O rádio digital corre o risco de repetir a fatídica situação. Com atraso de,
pelo menos, cinco anos, o governo federal ainda não definiu seu padrão (IBOC e
DRM são os principais concorrentes), nem as diretrizes do modelo. Somente em
agosto de 2012, o Ministério das Comunicações criou um Conselho Consultivo para
discutir esta decisão. Composto por representantes do governo, das emissoras e
dos fabricantes, o órgão tem sua primeira reunião no dia 23 de outubro. Além de
atrasada, a discussão começa totalmente desequilibrada. Sem quase investimentos,
o Conselho não conta com qualquer estrutura para sua instalação, sequer as
condições para participação dos conselheiros é garantida. Não há subsídios para
passagens, transporte, hospedagem e alimentação para quem voluntariamente
prestará o serviço público de construir posições para a decisão governamental
sobre o tema.
Grupos empresariais são favorecidos
Além de institucionalizar a gestão de financiamento do privado para o público, a
situação favorece a inversão dos interesses sociais em particulares, dado que a
falta de condições simétricas para a participação no debate privilegia os grupos
empresariais. A impossibilidade de entidades como a Associação Brasileira de
Radiodifusão Comunitária (Abraço) enviarem seu representante titular por falta
de recursos financeiros enfraquece a defesa de uma rádio digital popular e
democrático.
Pensar este modelo é muito mais do que a escolha de um padrão e os custos para
implantação. É planejar e executar uma série de medidas que possibilitem mais
amplos acessos e participação no rádio digital. É muito mais do que uma questão
tecnológica. É uma decisão política que deve orientar a horizontalização da
produção e potencialize o uso da tecnologia. Assim, muitas questões e escolhas
podem ser elaboradas. Como empoderar as pequenas e médias emissoras a produzirem
conteúdo multiforme, interativo e colaborativo? O modelo irá agravar as
diferenças entre os grandes e pequenos grupos radiodifusores? Como a
multitransmissão num mesmo canal será distribuída? As emissoras poderão veicular
diferentes programações simultâneas ou os canais serão compartilhados por
emissoras educativas, comunitárias e comerciais? O rádio digital poderá ser uma
forma de acesso à internet, possibilitando inclusão digital? Como os ouvintes
serão preparados para o uso da nova tecnologia? Haverá orientações para sua
participação mais efetiva na produção e gestão das emissoras?

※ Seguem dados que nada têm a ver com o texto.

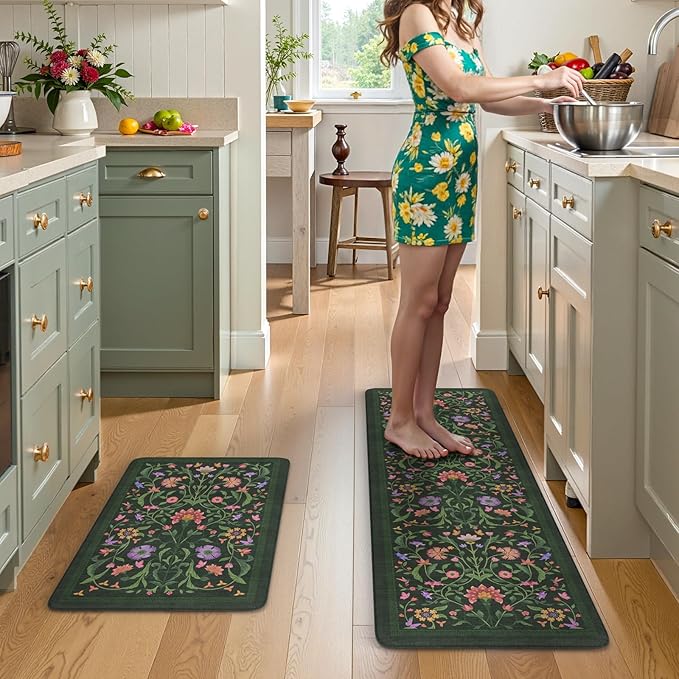 Collive Kitchen Mats Cushioned Anti Fatigue, Waterproof Kitchen Floor Mat Non Slip Desk Rugs Comfort Standing Rug for Sink, Office, Laundry, Home Decor, 17.3"x29"+17.3"x59", Green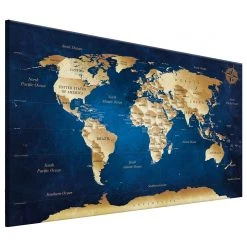 Artgeist Tableau déco World Map : Dark Blue Depth - MDF / Toile - Multicolore - 120 x 80 cm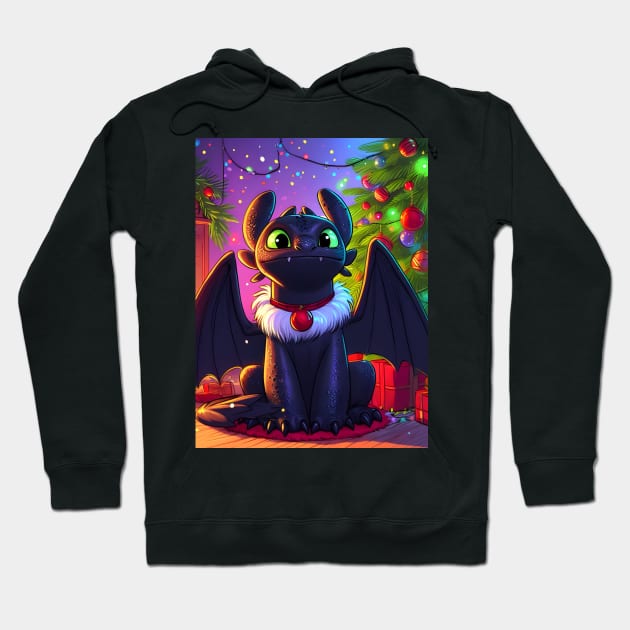 Christmas Dragon Wonderland: Festive Art Prints Featuring Whimsical Dragon Designs for a Joyful Holiday Celebration! Hoodie by insaneLEDP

A falta de condições de paridade de participação nesse Conselho revela que não
há no governo disposição política de, provavelmente, debater essas questões,
respondê-las e, muito menos, executá-las. Reflete também a inexistência de uma
política pública de comunicações, favorecendo a força dos grupos empresariais
consolidados pelo mercado de gerir, conforme seus interesses bens públicos, como
a radiodifusão, que deveriam alicerçar a educação e a participação cidadãs.